В Законе, как уже было сказано, возобладал дискриминационный принцип, по которому граждане разных национальностей в своих правах НЕ РАВНЫ ( права граждан, принадлежащих к репрессированным в 1944–1956 годах народам, даже тех из граждан, кто сам не подвергался репрессиям, имеют приоритет над правами граждан — представителей нерепрессированных народов). Самое существенное — в Законе полностью проигнорированы проблемы, связанные с определением и инспекцией того правового, социального положения, которое «имеет место» в тех республиках, куда по Закону «О реабилитации...» должны передаваться территории. Закон никак не увязывает, не обусловливает эту возможную передачу с какими-либо правовыми, социально-политическими стандартами. Даже если в этих республиках будут установлены этнократические режимы, проводится политика вытеснения нетитульного населения, разгул преступности, отсутствуют реальные (а не формально декларируемые) гарантии соблюдения прав и свобод — несмотря на все эти возможные обстоятельства, территории ВМЕСТЕ С ПРОЖИВАЮЩИМ ЗДЕСЬ НАСЕЛЕНИЕМ должны по логике и букве закона все же «передаваться». Что касается осетино-ингушского территориального противоречия, то именно неуверенность осетинского населения в том, что его права в Ингушетии могут быть гарантированы, предопределило радикальный отказ осетинской стороны рассматривать возможность каких-либо территориальных уступок, тем более отказ от уступок по «формуле Закона о реабилитации» — передачи всей оспариваемой части ПР (вместе с проживающими здесь 26 тыс. осетинского населения).

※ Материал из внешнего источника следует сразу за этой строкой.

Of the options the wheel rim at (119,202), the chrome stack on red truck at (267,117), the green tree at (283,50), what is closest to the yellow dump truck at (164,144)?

(После событий 31 октября — 5 ноября 1992 года, когда этническая чересполосица в Пригородном районе была разрушена и большинство ингушского населения ПР оказалось в положении беженцев на территории Ингушетии, произошло и разрушение той этнодемографической базы, которая могла бы служить еще в 1991–1992 годах основой для территориально значимого компромиссного волеизъявления).

Перед взрывом

Общая краткая хронология «затягивания узла» осетино-ингушских противоречий состоит из череды событий двух основных типов: а) правовых актов этнической направленности; б) уголовных преступлений, совершаемых или воспринимаемых как «этнические». Единая для осетин и ингушей правовая реальность стремительно распадалась: ингуши уже высказались за образование Ингушской республики «со столицей в правобережной части Владикавказа», а осетины никак не хотели знать, что живут и работают «уже в Ингушетии». Причиной и результатом разрушения общей правовой реальности стала стремительная политическая поляризация сторон по этническому признаку и радикализация установок (увеличение доли тех лиц, кто высказывал готовность прибегнуть к различным формам насилия для защиты интересов своего этнического сообщества).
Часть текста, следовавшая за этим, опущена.